• zannımca kadıköy'ün en iyi profiterolü'nü bu pastene yapar.
  • (bkz: tonton dede) mekanı hoş yer.
  • mukemmel simitlere ve cok guzel bi cevizli sakizli ozel kurabiye'ye sahip kadikoy pastanesi. iceri girince 50'li 60'li yillara geri dondum sanirsiniz. boga'dan bahariye'ye cikarken hemen solda.
  • 1945 yılında ismail feridun kerez tarafından açılan, söylenmesi pratik ** ve sempatik olması sebebiyle ismi ankara koyulan, surp levon ermeni katolik kilisesi nden kiralik olarak alınan arsanın kapalı bir alana çevrilmesi ile açılan minicik yer.

    az çeşit üreten ama spesiyal çalışan *,damak tadından anlayanların gittiği, kazandibi,tavuk gögsü,şekerleme,lokum,acıbadem* * ürünleriyle meşhur olan şeker dükkanı.

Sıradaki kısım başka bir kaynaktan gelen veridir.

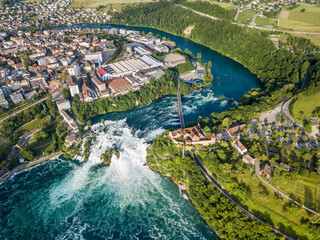 Neuhausen, Switzerland - June 26. 2021: Aerial photography with drone of Rhine Falls with Schloss...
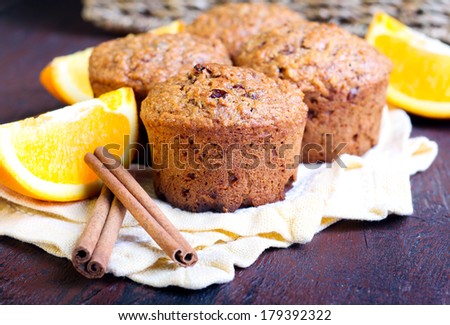Carrot and marmalade muffins with cinnamon sticks and orange slices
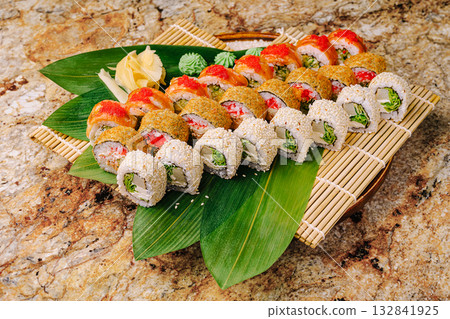Colorful sushi platter served on bamboo mat with fresh garnishes Colorful sushi platter served on bamboo mat with fresh garnishes 132841925
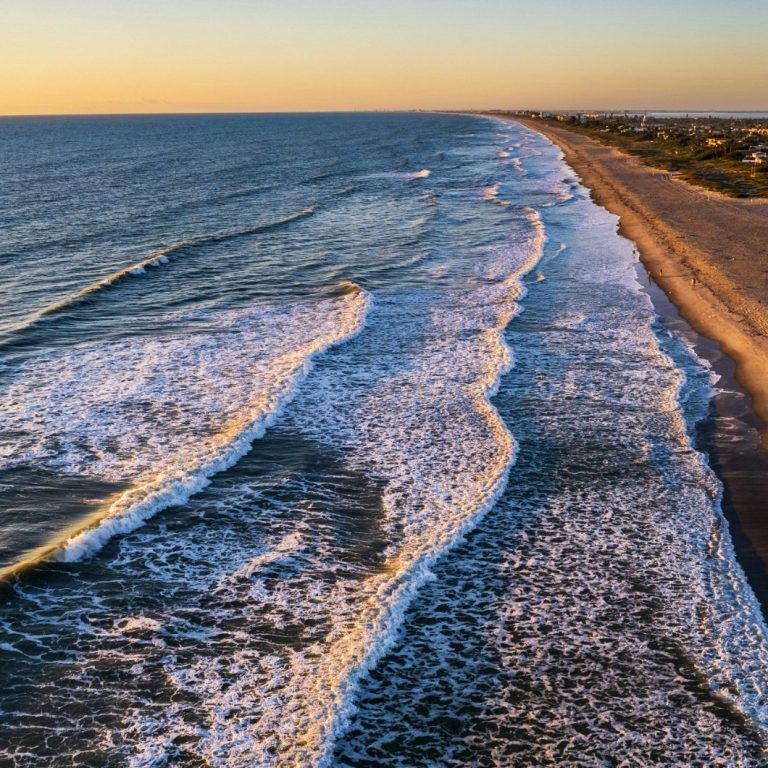 Ocean waves washing onto a sandy shore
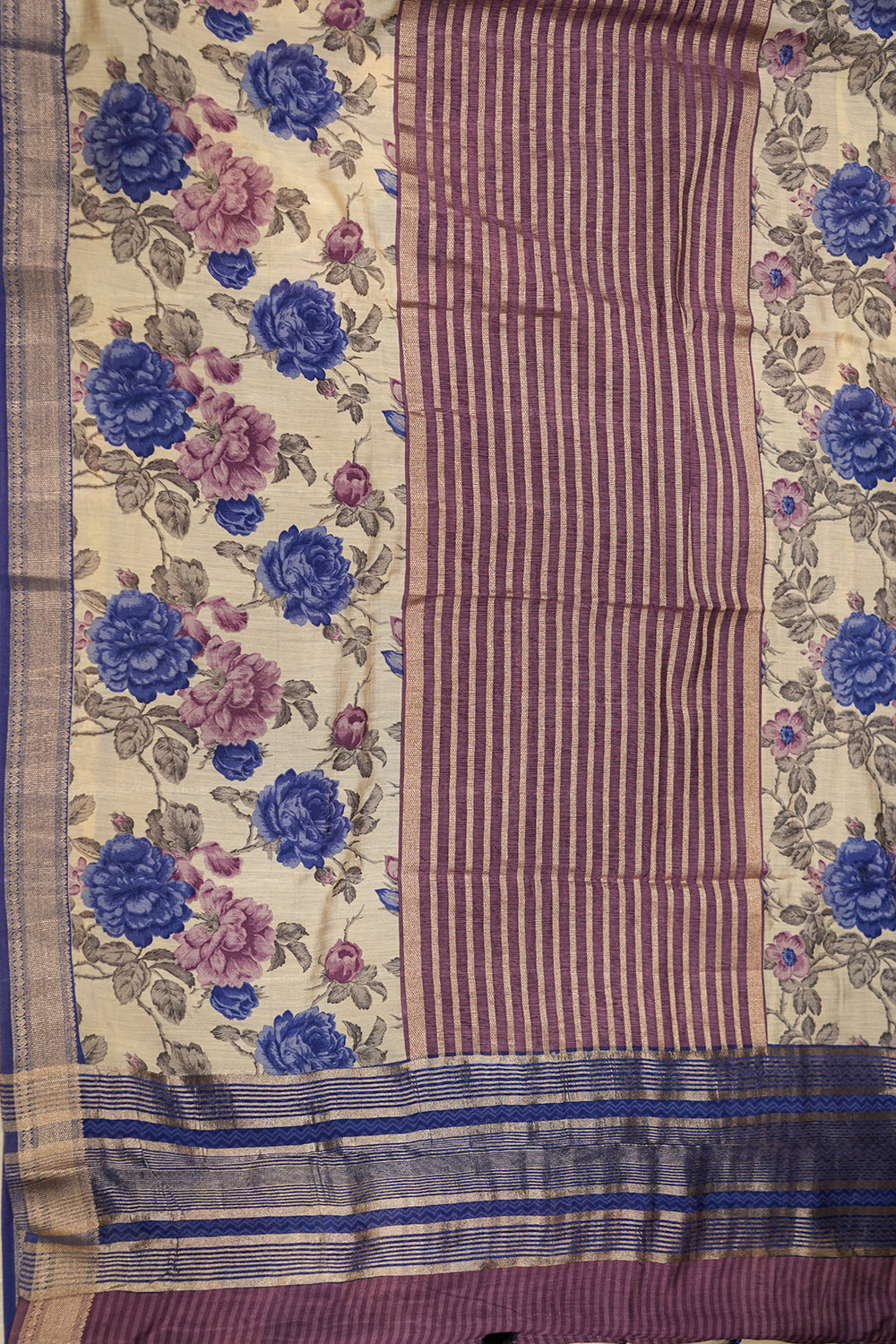 Blue Chanderi Tussar saree with a contrasting purple border and soft zari detailing, offering a lightweight and elegant drape.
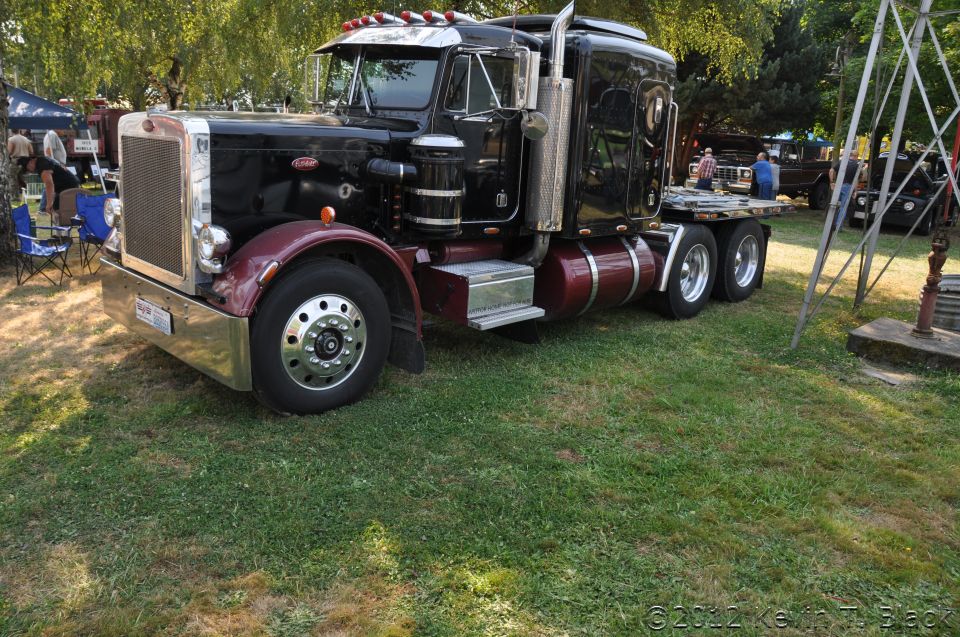 Black Peterbilt 379 semi-truck with maroon fenders and fuel tanks parked on grass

    ürünlerinin, günde 900 çeşit gıda ürünü üreten japonyalı bir firma yetkilisinin bile övdügü* güzelim pastane.

    etrafındaki dükkanların pastaneyi sıkıştırması ve kiranın yüksek olması sebebiyle gelişmeye pek imkan ve fırsat bulamayan * yer
  • bir ara maddi sıkıntılardan dolayı ayakkabı dükkanı* olan pastane*...
  • 1953 yılından beri kiracı olarak bulunduğu surp levon kilisesi'ne ait vakıf arazisindeki yerinden, kaçak olduğu gerekçesiyle çıkarılmak istenen kadıköy'ün simgesi olmuş mekanlarından biri olan pastane.
  • kapısına astığı, kadiköy belediyesiyle yaşadığı problemi anlattığı ve destek beklediği yazıyı okuyunca, kurabiyelerinin yıkılmaması için dozerin önüne atlayacak kadar güzel olup olmadığını öğrenmek istediğim, içeri girip 2 lira verip kurabiyesini yediğim pastane..

    güzelmiş, atlarım...
  • hayatımda yediğim en güzel un kurabiyelerini yapan şahane pastane. hakkında yazılmış bir yazı için:

    http://www.zaman.com.tr/…ara-pastanesi/2034376.html
  • yazılanlara bakma sözlük; ürünlerinin çoğunun kötülüğüne rağmen onyıllarca ayakta kalmasından başka hiçbir numarası olmayan, suratsız ve ters çalışanları olan pastanedir. "ay şöyle eski böyle köklü" diye diye kahraman edilmiştir, ama oradan alışveriş yapan kadıköylü sayısı yok denecek kadar azdır.

    kaldı ki, bahariye'ye estetik olarak da hiçbir şey katmayan, yarak gibi doğramalı, derme çatma, özensiz bir dükkandır. sahibine vaktiyle biraz para harcayıp adam gibi bir vitrin yapmak bile zul gelmiştir; ne de olsa o caddeden her gün binlerce insan geçer, o mal nasılsa satılır. bildiğiniz "galata köprüsü şerbetçisi" işte.

    kapısında vitrininde yazılar vardır, doğru. ben de olsam 3 kuruşa çöktüğüm dükkandan çıkarılmamak için çabalardım. ne olacaktı?

    "50 yıldır hıyarım var" diyene tuzla koşmayın be birader.

    özet: kadıköy'ün simgesi buysa kadıköy'ün de amk.

    belirt: doğma büyüme kadıköy.

    ekle: bak mesela aynı caddedeki inci'ye laf ediyor muyum? beklenti belli, aldığın belli, adamların simgelik derdi yok, oh mis.
  • tahinli çöreği şahanedir.
    bademli ve cevizli kurabiyeleri de bir o kadar vasatın altı olan kadıköy pastanesi.